Türk Devleti'nin başlattığı bu savaşın DAİŞ çeteleriyle birlikte daha da büyüyeceğini ve bu saldırının  sadece Kürtlere yönelik olmakla kalmayacağını vurgulayarak "Kuzey ve Doğu Suriye'de yaşayan Arap, Asuri, Ermeni ve Süryani haklarına da yönelecektir.

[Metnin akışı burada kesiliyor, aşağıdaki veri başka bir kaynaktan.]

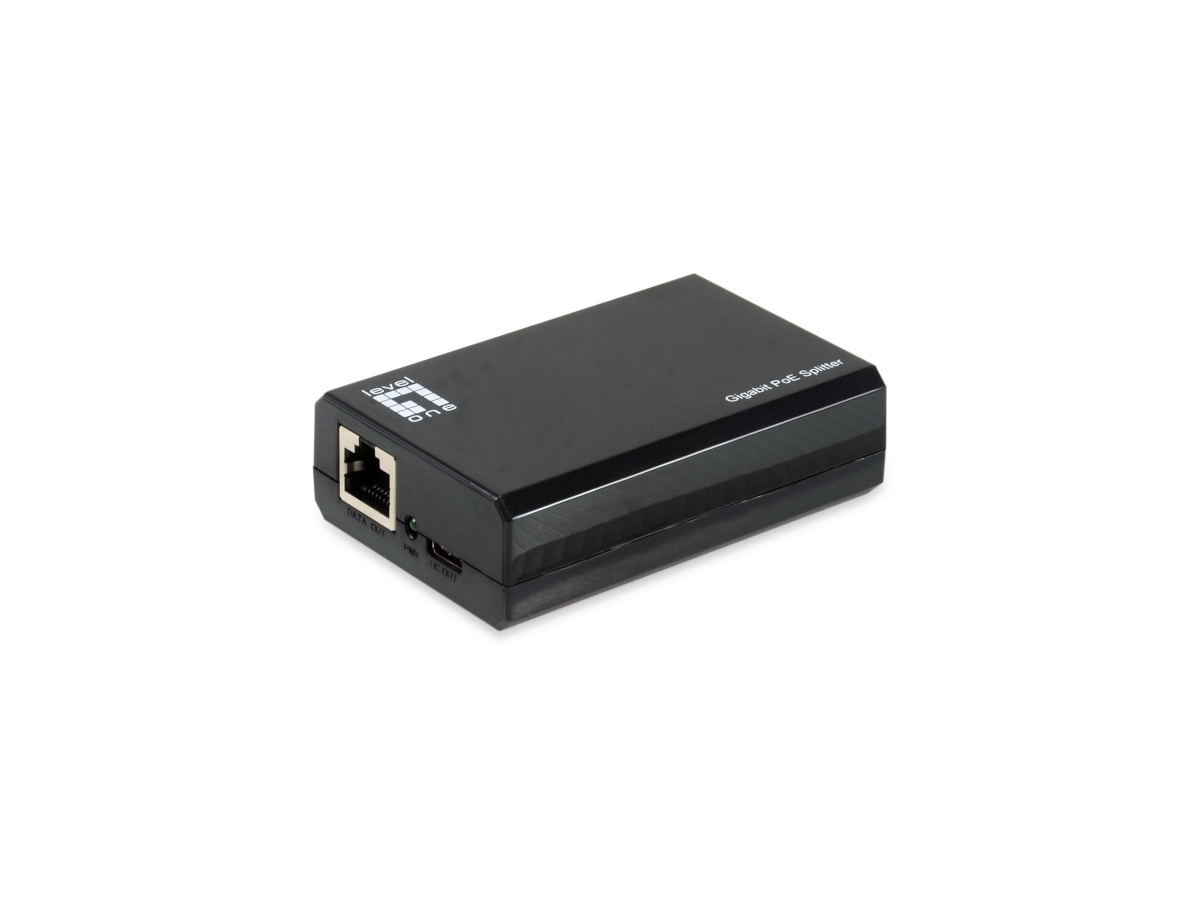 Level One 1x Gigabit POS-5001 USB-C PD 3.0 Splitter 50W PoE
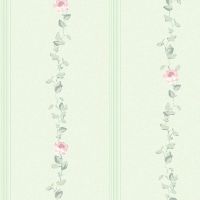 Обои LOYMINA Boudoir Флизелин (1*10,05) Зеленый, Цветы/Полоса арт-GT10 005 — фото 1, Обои для стен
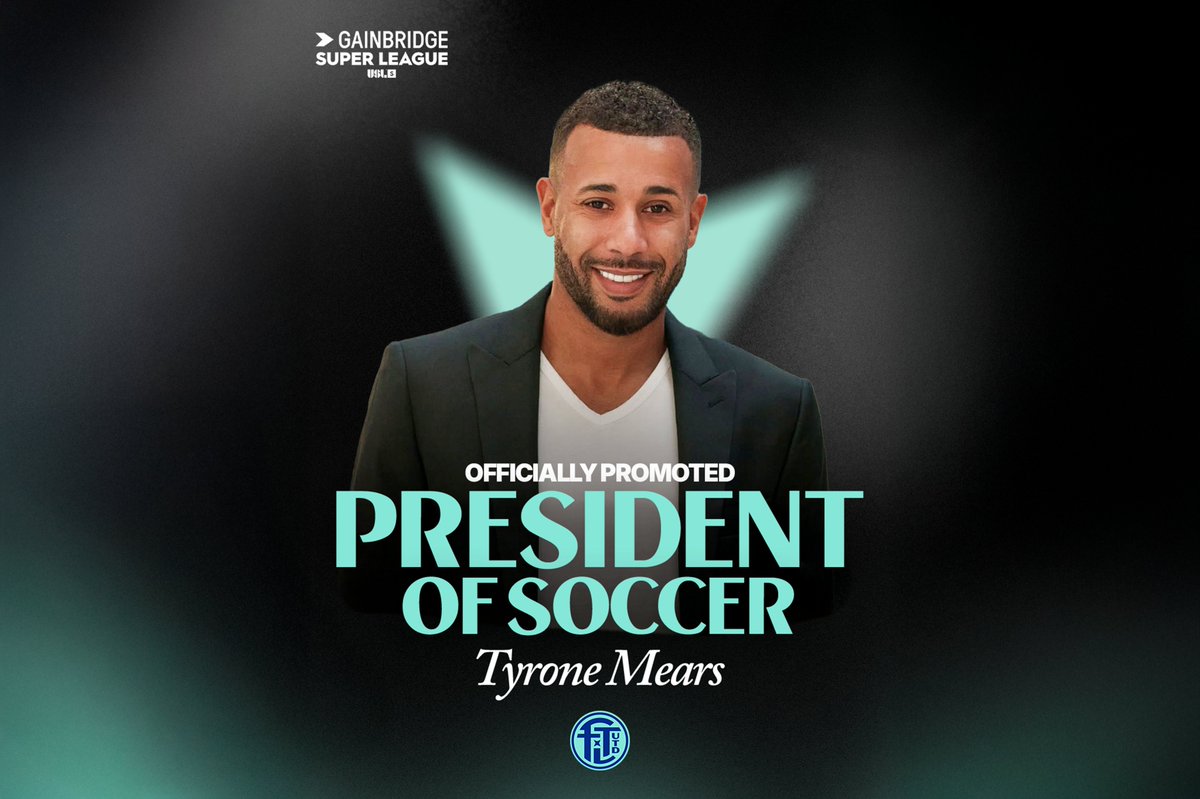 OFFICIAL: Tyrone Mears Promoted to President of Soccer 🚨

"Our No. 1 goal is to provide a clear pathway from youth to the pro level on both sides, and this new role gives me the chance to help drive that vision forward.”

📰READ MORE: ftlutd.com/news/2025/09/1…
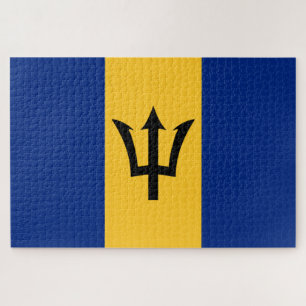 Puzzle Bandera de Barbados (Barbados) (Bajan)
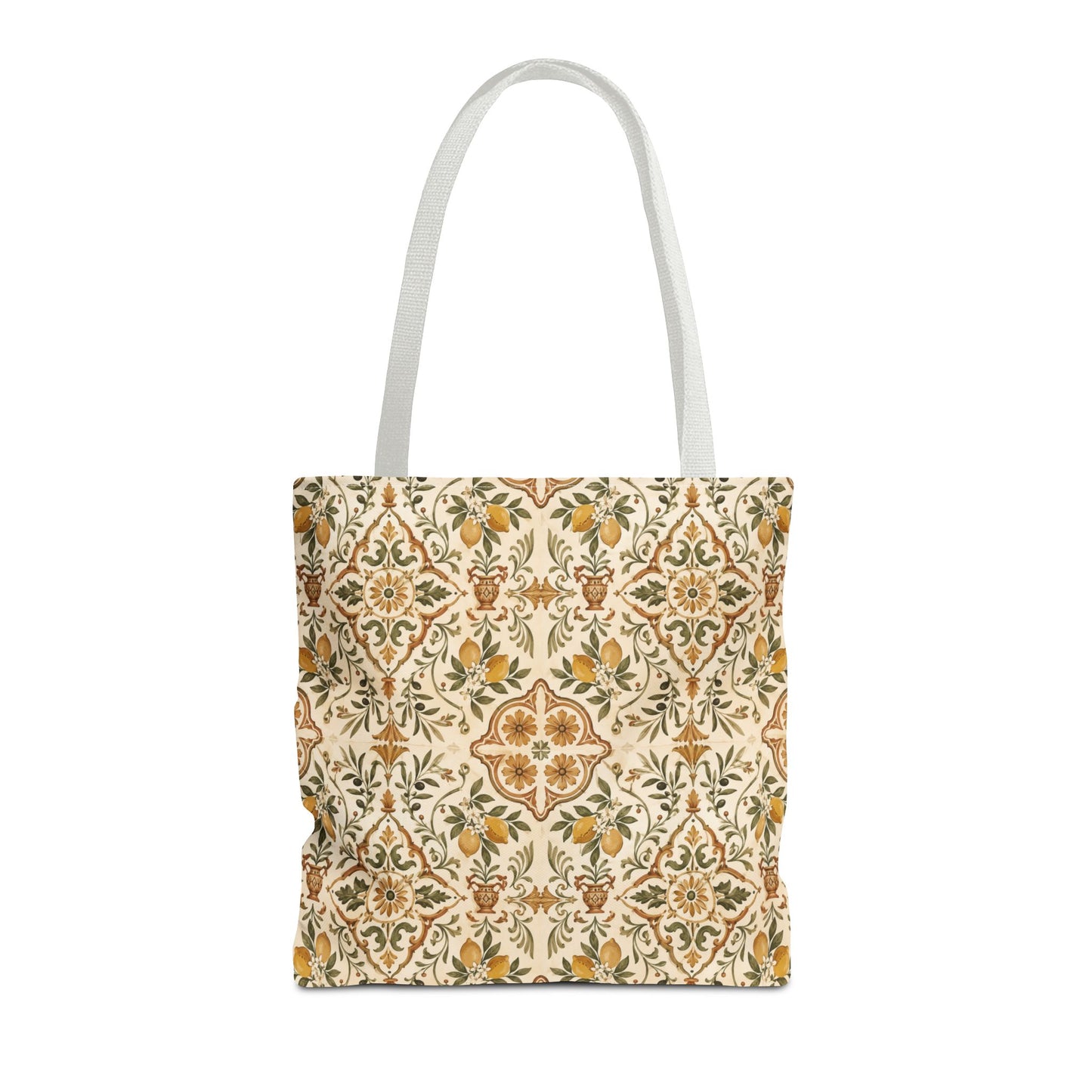 Mediterranean Moroccan Lemon Ornate Tote Bag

Sonucunda ise yine göçler ölümler tecavüzler ve yıkımlar gerçekleşecektir" dedi.

2011 yılında başlayan Suriye Savaşı sonrasında 3 milyon insanın zorla yerlerinden göç ettirildiğini, açlık ve susuzlukla, ölümlerle ve katliamlarla yüzyüze kaldıklarını ve kendi topraklarında yaşam bulmaları gerekirken dünyanın dört bir yanına dağılan halkların mülteci olarak yaşamlarını sürdürme mücadelesi verdiklerini hatırlatan TJA'lı kadınlar "Yeni savaş yeni göçler demektir aynı zamanda. Biz Kadınlar biliyoruz ki, barbarlar ordusunun ilk yönelimi her savaşta olduğu gibi yine kadınlar ve çocuklar üzerine olacaktır" dedi.

3 Ağustos 2014 yılında da IŞİD'in Şengal'e yönelik ilk saldırısında 7000 Ezidi kadın ve çocuğun köle pazarlarında satıldığını, defalarca tecavüze uğradığını, türlü işkence ve şiddet çeşitlerine maruz kaldığını hatırlatan TJA'lı kadınlar yine soykırımlar yaşanacağını belirtti.

Barbar DAİŞ çetelerine karşı en büyük savaşı veren onları yenilgiye uğratan Kürtler iken Rojava'da 11 bin savaşçının yaşamını yitirdiğini  ve bu savaşın Kürtlerin ve orada yaşayan halkların kazanımlarına yönelik bir saldırı ve demografik yapının değiştirilmesi harekatı vurgulayan kadınlar Türk devletinin 'Barış hareketı' dediği 'Zeytin Dalı' harekatının da katliam ve istikrarsızlık getirdiği hatırlattı.

TJA'lı kadınlar "Tarihi sorumluluğumuz gereği Rojava'da yaşayan halkların ve inançların yalnız olmadığını ortaya koymaya yaşanacak tüm savaş suçlarına karşı güç birliği içerisinde olmaya davet ediyoruz" diyerek  Bu suça ortak olmamak için kadınların sol sosyalistleri, insan haklarından yana olan ve savaş istemeyenlere harekete geçmeye uluslararası tüm yetkili makamlara çağrılar yaparak harekete geçirmeye ve operasyonların durdurulması için sesimize ses olmaya davet etti. Kadınlar sözlerini "Yaşamı inşa eden biz kadınlar yaşamı öldüren zihniyete 'Hayır' diyoruz. Biji Berxwedana Rojava!" diyerek tamamladı.